The Plymouth Locomotive leaving the screenhouse with a supply of berry boxes and a carful of pickers. Harvesting season, during the fall, is a busy time on Mr. Atwood’s estate.

There’s Mr. Atwood sitting up to the lunch counter with the boys, eating steamed clams. Wonder that man doesn’t turn into a steamed clam. Personally, I’d just as soon have baked chicken. Here: we’ll sit over by the fireplace with those yarnsters, until the clams are gone. I’m tired, anyway. Notice those things more after forty.

Is it supper time? In half an hour the Sunset Special will pull out for her curfew run. That’s a pretty train. Sunset seems to show up better out there where there’s plenty of room. We’ll stick right here so’s not to miss it.

See that headlight up on the wall? Big’s a boxcar. Came off one of the old Bridgton engines when they changed to electric glims. This one’s oil. Mr. Atwood has lots of relics in here. You’ve no idea what a show he’s got! Only difference between he and Phin Barnum is that Atwood isn’t trying to kid anybody. His is the real McCoy.

Yes: ten little railroads all switched into one: the Edaville. Did you ever stop to think why he named it that—Edaville? Can’t you guess? Sure, that’s it: his own initials, E.D.A. Pretty cute, eh?

Wait ’til I light my pipe ...

Those old two-footers were some roads. Many of my happiest recollections are of rides I had on the Wiscasset road and the Sandy River. Never saw so much of the Bridgton line until the last year it ran. The Kennebec Central checked out before I checked in, although I used to see their tiny trains when I was a kid. I knew the little Monson—the Two by Six they called it, two feet wide and six miles long—but only after it got kind of dilapidated. I’ve seen ’em all. And here’s the last one: using the very same engines and cars that I used to ride on years ago. Seems funny, too: to come down here and find ’em resurrected again. Those little pikes tried so hard to climb up to the sun, and a bumping-post in the sunset was the best they could do. The sunset of pint-size railroads.

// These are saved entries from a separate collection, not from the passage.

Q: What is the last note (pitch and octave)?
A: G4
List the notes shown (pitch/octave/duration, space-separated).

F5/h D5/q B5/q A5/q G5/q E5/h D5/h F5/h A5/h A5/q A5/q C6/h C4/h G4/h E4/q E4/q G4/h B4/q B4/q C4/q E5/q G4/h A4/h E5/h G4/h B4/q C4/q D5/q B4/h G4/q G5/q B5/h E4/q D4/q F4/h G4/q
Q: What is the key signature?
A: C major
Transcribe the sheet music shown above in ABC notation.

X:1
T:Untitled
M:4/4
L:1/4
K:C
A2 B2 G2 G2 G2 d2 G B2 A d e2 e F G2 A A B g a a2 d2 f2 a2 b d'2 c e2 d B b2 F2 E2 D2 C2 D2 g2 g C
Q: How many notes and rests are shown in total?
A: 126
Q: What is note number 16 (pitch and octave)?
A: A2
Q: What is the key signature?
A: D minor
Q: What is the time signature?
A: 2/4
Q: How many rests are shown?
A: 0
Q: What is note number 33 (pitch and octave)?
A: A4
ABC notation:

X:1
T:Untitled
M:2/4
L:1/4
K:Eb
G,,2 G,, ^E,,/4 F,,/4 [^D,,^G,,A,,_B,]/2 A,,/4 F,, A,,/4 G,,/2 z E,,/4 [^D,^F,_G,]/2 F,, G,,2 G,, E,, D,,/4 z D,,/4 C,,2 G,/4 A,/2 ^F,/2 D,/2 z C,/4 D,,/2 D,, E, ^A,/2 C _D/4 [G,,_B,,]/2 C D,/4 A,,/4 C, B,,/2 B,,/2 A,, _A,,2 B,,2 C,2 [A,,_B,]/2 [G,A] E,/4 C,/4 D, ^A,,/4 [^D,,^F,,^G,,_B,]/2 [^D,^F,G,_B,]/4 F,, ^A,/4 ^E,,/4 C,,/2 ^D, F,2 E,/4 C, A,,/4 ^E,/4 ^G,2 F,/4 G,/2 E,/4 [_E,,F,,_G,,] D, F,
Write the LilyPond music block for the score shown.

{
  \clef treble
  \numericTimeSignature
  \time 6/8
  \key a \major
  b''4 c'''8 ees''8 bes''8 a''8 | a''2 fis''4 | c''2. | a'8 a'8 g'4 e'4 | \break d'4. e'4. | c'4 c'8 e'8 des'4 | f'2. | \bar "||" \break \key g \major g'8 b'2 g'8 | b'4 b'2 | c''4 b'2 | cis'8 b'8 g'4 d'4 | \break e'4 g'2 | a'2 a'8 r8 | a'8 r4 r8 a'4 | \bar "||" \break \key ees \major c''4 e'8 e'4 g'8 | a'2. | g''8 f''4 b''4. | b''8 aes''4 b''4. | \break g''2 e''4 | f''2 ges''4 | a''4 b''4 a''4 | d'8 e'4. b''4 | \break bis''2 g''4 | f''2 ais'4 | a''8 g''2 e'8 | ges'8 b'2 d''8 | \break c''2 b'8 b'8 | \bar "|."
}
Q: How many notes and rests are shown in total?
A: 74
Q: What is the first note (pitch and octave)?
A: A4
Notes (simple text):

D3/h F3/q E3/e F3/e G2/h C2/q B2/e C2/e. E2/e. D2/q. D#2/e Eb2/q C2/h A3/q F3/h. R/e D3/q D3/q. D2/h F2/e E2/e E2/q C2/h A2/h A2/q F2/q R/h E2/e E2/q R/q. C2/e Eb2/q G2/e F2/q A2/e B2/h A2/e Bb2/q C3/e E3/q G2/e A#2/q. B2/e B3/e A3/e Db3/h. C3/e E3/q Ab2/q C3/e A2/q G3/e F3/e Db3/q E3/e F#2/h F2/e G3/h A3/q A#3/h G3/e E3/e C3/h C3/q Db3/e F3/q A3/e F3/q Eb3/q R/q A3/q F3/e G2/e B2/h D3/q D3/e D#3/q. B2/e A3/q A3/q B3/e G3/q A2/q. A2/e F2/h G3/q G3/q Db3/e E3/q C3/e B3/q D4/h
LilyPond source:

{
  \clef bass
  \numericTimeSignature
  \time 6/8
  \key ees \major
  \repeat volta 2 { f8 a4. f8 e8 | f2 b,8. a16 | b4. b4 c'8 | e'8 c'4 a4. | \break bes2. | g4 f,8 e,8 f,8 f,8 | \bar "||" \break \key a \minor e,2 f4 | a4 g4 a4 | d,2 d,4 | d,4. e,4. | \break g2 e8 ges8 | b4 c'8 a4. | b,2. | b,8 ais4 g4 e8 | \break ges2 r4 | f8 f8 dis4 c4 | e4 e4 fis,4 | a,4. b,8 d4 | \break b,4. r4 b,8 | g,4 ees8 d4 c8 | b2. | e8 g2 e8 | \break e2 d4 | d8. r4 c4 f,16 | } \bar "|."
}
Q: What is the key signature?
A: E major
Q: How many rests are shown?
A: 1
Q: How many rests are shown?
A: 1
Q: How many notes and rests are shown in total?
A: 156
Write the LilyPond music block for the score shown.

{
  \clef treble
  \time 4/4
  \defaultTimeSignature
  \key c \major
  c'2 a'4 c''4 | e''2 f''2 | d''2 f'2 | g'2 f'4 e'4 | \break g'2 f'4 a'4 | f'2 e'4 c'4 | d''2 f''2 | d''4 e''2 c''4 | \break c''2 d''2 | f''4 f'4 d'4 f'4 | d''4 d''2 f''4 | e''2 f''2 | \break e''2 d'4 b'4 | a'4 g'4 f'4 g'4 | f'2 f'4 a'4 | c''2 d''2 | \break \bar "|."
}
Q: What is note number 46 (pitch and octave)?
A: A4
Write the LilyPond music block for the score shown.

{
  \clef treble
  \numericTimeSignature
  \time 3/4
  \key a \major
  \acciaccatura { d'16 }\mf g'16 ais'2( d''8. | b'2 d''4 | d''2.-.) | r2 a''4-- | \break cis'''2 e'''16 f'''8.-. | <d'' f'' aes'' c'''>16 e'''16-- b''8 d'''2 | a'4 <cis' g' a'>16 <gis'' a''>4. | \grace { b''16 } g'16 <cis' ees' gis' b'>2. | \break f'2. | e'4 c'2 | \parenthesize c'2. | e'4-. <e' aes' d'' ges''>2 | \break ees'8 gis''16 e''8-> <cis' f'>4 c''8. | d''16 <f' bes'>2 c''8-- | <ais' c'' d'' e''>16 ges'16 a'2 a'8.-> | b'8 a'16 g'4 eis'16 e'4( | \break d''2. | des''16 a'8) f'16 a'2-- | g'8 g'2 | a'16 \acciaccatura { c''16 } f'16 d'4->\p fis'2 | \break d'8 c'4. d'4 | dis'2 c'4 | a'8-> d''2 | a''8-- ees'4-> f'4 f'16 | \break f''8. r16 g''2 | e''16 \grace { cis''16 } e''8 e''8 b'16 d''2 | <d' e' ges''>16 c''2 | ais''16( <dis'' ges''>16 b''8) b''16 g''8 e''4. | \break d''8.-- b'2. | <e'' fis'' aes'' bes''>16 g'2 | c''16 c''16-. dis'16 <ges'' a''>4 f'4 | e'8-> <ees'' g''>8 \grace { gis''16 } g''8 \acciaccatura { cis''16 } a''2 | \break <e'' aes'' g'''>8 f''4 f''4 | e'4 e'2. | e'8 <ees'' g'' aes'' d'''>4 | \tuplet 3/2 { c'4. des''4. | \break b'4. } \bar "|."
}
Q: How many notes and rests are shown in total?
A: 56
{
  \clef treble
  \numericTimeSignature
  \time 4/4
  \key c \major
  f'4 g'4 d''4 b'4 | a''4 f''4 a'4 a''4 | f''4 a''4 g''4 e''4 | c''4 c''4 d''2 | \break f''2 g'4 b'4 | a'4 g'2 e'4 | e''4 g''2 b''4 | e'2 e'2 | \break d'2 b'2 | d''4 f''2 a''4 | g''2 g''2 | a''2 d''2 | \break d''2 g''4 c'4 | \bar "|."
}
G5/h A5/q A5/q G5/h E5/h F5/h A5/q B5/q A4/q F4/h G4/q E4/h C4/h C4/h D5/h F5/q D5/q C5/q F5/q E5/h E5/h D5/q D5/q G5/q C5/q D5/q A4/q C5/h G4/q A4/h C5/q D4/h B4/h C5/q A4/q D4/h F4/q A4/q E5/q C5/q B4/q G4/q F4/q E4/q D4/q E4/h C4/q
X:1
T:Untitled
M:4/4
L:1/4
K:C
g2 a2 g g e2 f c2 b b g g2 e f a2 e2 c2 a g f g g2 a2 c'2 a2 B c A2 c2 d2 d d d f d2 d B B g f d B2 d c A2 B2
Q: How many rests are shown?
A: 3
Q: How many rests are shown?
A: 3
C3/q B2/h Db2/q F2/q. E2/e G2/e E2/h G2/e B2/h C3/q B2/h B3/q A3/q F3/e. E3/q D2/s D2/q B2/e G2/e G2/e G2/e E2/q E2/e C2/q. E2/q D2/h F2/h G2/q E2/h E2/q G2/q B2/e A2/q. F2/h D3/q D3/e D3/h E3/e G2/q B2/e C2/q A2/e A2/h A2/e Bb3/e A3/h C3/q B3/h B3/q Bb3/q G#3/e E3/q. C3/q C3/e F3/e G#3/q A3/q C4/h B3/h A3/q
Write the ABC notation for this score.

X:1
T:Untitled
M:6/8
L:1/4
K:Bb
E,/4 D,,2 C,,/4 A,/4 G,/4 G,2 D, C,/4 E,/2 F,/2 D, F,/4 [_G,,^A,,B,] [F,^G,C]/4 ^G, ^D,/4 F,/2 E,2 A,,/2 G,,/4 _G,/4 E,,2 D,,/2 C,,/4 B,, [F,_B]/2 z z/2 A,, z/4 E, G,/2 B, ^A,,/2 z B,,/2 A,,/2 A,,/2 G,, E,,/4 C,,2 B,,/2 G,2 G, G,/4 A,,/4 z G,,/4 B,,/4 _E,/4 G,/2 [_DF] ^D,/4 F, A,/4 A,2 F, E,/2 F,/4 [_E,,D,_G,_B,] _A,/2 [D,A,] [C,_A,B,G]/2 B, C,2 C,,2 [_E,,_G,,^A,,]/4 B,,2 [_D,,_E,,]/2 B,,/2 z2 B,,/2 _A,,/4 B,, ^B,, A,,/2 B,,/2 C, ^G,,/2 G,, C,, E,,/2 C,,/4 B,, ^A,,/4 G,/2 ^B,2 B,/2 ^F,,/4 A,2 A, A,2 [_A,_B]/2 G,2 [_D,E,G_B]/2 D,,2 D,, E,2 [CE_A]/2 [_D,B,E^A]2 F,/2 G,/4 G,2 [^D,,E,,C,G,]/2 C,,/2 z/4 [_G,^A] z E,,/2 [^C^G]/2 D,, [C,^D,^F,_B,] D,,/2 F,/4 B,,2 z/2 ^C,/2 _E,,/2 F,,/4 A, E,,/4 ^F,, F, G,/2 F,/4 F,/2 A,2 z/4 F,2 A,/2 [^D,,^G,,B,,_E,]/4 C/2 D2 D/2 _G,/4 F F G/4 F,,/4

Funny: here’s this last one, here in eastern Massachusetts; and seventy some years ago the first one got its christening within a few miles of this very spot. Up in Billerica, where the B. & M.’s big shops are now. Someone must have swung the bottle too hard and konked the little cuss on its pituitary gland. Anyway, besides being a baptismal ceremony it was a death blow too.